I cannot bear to meet with Archibald in public. I am mortified, as if it is I who has stolen and lived as an adulterous thief. I know that my ladies will think the less of me for taking him back, my son will hear of it and think that I have no pride, that I am a beaten dog. Everyone who saw us at Berwick when I was a lovesick fool will think that I am drunk on desire again. So I say that he must come to the top of the tower, where I have my little eyrie, the tiny stone-built room where—such a long time ago—James my husband said good-bye to me, and told me not to watch for him. My lady sends Archibald up the winding stairs, I can hear his boots ring on the stone, and she closes the door at the bottom, so that no one can hear what we say to each other. She will think that she is concealing a tryst, she will think that the door will silence the noise of lovemaking.
I am so angry and so distressed that I am shaking by the time he walks around to the little doorway of the tower and ducks his head to come under the stone lintel. He kneels at my feet, drops down like a penitent pilgrim without a word. He takes my hands, he feels me tremble and exclaims at the coldness of my fingers.
“Beloved,” he says.
“You have no right!” I say, choked.
Vehemently, he shakes his head. “No right at all.”
“You have stolen my rents!”
“God forgive me. But I have kept your lands in good heart, and protected your tenants and your good name as a landlord.”

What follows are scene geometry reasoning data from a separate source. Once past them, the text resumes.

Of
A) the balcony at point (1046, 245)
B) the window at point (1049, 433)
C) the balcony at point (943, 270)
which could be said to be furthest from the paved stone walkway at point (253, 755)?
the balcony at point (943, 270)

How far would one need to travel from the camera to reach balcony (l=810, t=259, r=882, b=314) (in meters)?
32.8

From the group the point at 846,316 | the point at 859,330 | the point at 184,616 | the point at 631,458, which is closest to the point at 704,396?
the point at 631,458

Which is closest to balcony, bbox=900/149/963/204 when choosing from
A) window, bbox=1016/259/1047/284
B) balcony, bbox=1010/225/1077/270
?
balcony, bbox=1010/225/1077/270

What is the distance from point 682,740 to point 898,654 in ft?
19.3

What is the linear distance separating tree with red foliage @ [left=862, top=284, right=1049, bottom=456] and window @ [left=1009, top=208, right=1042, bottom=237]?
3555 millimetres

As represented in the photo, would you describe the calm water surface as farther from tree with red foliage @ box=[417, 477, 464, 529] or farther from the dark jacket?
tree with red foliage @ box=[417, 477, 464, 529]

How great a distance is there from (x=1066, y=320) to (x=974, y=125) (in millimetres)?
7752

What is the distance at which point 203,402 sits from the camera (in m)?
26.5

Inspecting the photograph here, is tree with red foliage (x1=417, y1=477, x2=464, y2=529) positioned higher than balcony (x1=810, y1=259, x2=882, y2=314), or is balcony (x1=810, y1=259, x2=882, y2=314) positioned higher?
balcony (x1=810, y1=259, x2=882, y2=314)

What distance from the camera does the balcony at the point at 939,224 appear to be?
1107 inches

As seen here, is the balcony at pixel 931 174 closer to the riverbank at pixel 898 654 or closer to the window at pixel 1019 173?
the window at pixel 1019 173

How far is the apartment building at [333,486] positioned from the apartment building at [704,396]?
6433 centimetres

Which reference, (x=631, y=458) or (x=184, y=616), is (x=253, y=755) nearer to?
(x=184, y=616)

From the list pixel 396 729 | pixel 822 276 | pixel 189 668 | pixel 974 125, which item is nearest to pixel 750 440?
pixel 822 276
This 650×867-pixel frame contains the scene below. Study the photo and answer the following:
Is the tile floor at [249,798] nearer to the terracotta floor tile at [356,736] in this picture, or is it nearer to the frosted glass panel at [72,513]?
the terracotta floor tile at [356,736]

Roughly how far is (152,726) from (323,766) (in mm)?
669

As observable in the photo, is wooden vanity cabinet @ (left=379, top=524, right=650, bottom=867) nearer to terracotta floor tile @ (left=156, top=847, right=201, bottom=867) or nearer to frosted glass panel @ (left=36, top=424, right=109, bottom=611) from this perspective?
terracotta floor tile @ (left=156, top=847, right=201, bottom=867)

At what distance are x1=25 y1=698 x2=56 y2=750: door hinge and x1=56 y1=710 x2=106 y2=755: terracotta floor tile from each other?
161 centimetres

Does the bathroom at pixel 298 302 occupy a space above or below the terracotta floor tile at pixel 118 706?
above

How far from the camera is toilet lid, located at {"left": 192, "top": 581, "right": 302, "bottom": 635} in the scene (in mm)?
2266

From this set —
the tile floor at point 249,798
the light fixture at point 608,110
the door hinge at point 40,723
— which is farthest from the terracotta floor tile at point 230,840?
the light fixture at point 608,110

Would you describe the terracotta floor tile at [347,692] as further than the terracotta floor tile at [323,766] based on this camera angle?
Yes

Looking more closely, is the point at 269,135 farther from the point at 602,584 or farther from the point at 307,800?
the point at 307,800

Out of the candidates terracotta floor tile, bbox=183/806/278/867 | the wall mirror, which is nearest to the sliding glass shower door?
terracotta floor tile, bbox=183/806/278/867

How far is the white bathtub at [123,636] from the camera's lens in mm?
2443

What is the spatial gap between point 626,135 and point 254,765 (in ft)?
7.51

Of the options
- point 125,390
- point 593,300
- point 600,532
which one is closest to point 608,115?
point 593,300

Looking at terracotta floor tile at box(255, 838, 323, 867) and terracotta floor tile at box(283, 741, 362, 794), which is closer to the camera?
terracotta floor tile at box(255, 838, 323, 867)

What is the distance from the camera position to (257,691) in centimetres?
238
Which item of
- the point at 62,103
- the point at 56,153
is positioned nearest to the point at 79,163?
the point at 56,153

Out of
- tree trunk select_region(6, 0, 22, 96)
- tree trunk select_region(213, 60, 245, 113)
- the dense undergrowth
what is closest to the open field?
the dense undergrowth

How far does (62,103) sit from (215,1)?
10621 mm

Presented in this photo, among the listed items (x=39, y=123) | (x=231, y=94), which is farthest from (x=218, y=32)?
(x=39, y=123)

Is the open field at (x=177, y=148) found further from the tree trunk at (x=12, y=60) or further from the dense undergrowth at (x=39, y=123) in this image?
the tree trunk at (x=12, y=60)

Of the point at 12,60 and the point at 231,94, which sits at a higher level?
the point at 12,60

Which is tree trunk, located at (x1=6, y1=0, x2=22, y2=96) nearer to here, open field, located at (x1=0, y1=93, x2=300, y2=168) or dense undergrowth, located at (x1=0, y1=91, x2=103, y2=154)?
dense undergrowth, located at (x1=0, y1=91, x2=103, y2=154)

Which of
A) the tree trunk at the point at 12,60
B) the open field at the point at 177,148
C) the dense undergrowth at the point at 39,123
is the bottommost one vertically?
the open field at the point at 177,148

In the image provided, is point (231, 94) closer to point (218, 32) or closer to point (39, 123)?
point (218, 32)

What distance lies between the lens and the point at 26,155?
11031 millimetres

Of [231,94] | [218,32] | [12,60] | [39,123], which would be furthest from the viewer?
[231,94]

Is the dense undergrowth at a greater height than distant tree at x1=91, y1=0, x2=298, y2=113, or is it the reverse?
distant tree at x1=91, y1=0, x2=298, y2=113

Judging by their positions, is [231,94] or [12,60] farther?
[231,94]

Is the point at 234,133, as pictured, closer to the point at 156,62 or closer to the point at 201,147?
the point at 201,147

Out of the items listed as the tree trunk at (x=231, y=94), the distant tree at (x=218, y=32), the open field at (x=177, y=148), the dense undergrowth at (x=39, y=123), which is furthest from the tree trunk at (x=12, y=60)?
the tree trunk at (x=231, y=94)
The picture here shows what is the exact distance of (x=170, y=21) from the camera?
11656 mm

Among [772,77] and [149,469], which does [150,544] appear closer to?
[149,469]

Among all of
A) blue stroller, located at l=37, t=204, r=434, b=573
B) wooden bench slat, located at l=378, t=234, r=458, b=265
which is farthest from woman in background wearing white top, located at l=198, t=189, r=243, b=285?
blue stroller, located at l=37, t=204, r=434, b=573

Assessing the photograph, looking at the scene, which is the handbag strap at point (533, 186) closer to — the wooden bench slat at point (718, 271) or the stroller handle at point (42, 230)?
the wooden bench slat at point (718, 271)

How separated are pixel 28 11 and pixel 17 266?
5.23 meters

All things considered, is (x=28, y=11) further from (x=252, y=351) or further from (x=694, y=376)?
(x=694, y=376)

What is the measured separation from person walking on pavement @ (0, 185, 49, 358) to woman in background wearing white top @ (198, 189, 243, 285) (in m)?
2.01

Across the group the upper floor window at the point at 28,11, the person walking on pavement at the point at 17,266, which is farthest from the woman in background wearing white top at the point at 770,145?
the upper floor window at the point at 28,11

“You put another woman in my place!”
“My love, my love, no woman could take your place. Forgive me.”
“I never will.”
He bows his head. “You should not. I have been like a madman. You are good, you are kinder than I deserve, just to let me come to you, and beg your pardon. I would not want to die with this on my conscience. My will and my happiness have been destroyed by our troubles, both public and private. I have seen terrible things in your service, I have had to contemplate terrible crimes to bring you to your rightful place. In defending your throne I have sinned against God. It’s not surprising that my will broke, my determination failed me.”
He glances up at me. “I couldn’t go on. I didn’t have the strength to continue,” he says. “For a mad month or two I thought I might escape. I thought for a moment that I could be a private man, a man with a wife and little daughter in a little house. When de la Bastie died and you failed to seize power and blamed me, I just wanted to run away. I felt that I had failed you so badly—I had done so much and still failed. My love, my wife, I was wrong to go. I am called to greater things, I am called to be your husband. Forgive me for failing you this once. I will never fail you again.”
“You wanted to be free of all these troubles?”
He bows his head. “It is the only time my courage has failed me. In all these five years. I could see no way to bring you to victory. It was my mistake. I thought if I could not restore your son to you, and you to your place, then I had better do nothing, go right away. I even thought that I should kill myself, that it would be better for you if I were dead.”